今日も同じようにスマホがチャランとなった。みなきさんからのラインだ。開かなくても内容はわかった。「彼氏と喧嘩した」と入ってきた。みなきさんが現状報告以外の、感情の起伏があるメールをしてくるのは初めて。
チャンスだ。
大きな失敗をした、店長に怒られた、友達に裏切られた、自分が嫌になったなど、女の子が精神的な傷を受けているときは大きなチャンスだ。
ラインを開き、「小喧嘩?中喧嘩?大喧嘩?」と返信。「中」と返事。
「泣いた?」
「うん」
「どっちが原因?」
「わたし」
そこで、すかさず「今日店に行きます」と返信した。
「ホント? 9時前に来れる?」
「大丈夫。居酒屋で1時間アフターできる?」
「いいですよ」
夜9時10分に入店し、みなきさんを指名した。
「今日は来ないかと思った」
「約束は守るよ。でもちょっと遅れちゃった。仕事の締め切りで……ごめん。HPのキャラクターの作成だよ」
「へ~」
「カエルくんとウサギくんで迷っている? どっちがいいと思う?」
「そ~ね。わたしならカエルくんを選ぶ」
「ほ~、なんで」
「げらげら鳴くのが大声で笑っているみたいでかわいい」
なるほど、あれを笑いととるか。面白い感性だ。「じゃ色は?顔の形は?」と話している間に店員が来た。チェックして店の前で待つ。
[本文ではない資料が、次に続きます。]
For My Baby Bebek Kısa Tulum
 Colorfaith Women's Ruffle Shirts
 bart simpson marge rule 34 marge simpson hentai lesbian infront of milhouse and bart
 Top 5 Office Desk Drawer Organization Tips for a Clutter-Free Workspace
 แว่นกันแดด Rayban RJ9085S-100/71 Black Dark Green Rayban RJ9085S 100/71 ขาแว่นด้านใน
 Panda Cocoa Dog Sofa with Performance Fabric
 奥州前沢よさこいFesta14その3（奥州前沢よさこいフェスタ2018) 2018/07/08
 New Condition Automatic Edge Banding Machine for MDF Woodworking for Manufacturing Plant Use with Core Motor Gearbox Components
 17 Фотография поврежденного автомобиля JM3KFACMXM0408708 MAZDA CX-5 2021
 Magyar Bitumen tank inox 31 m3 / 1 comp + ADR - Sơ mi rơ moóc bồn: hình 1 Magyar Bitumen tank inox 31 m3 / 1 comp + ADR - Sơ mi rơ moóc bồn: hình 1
雰囲気のいい居酒屋で1時間くらい雑談を楽しんだ。この居酒屋を選んだ理由は、近くにカラオケボックスがあったからだ。
「お酒も入って1曲歌いたいね。カラオケ30分どう?」
彼女もほろ酔いのまま「いいよ」と即OK。親密な話は個室がいい。それに2人で個室に入ることに慣れさせておく必要がある。カラオケに入り1曲ずつ歌ったところで、彼の話を振る。
「彼氏とは仲直りした?」
「まだよ」
「原因は?」
「同伴とアフターを減らしてくれと言われたの」
「もともとお客さんなの?」
「そう。仕事だから同伴は了解済みだったのに、今になって減らしてほしいと言うのよ」
こんなときは意見や答えを探そうとしないことが一番だ。ただ聞くだけでいい。話を聞き終わったところで、「そ~かぁ」と親身に返事してからスマホのアプリの話に切り替えた。
「このアプリどう?」
「いいですね」
スマホではもう先生役も馴染んできた。次はテニスで先生役になりたい。教える振りして体に触れるからちょうどいい。
「みなきさんテニスしたことある?」
「ないです」
「気晴らしにやってみない? 青空の下で汗流したらスッキリするよ」
「できないですよ」
「教えてあげるよ」
すこし迷ってはいたが「やってみようかな」と決意してくれた。スマホの先生役が効いたみたいだ。
「じゃ今度の日曜日どう。午後2時に駅まで迎えにいくよ」
「わかった」
「足のサイズはいくつ?」
「22.5」
「靴は用意しておくから」
「ありがとう」
靴の話をしたのは、靴を買った以上、キャンセルしにくくなるという念押し。よし、これでスキンシップに進展だ。しめしめ。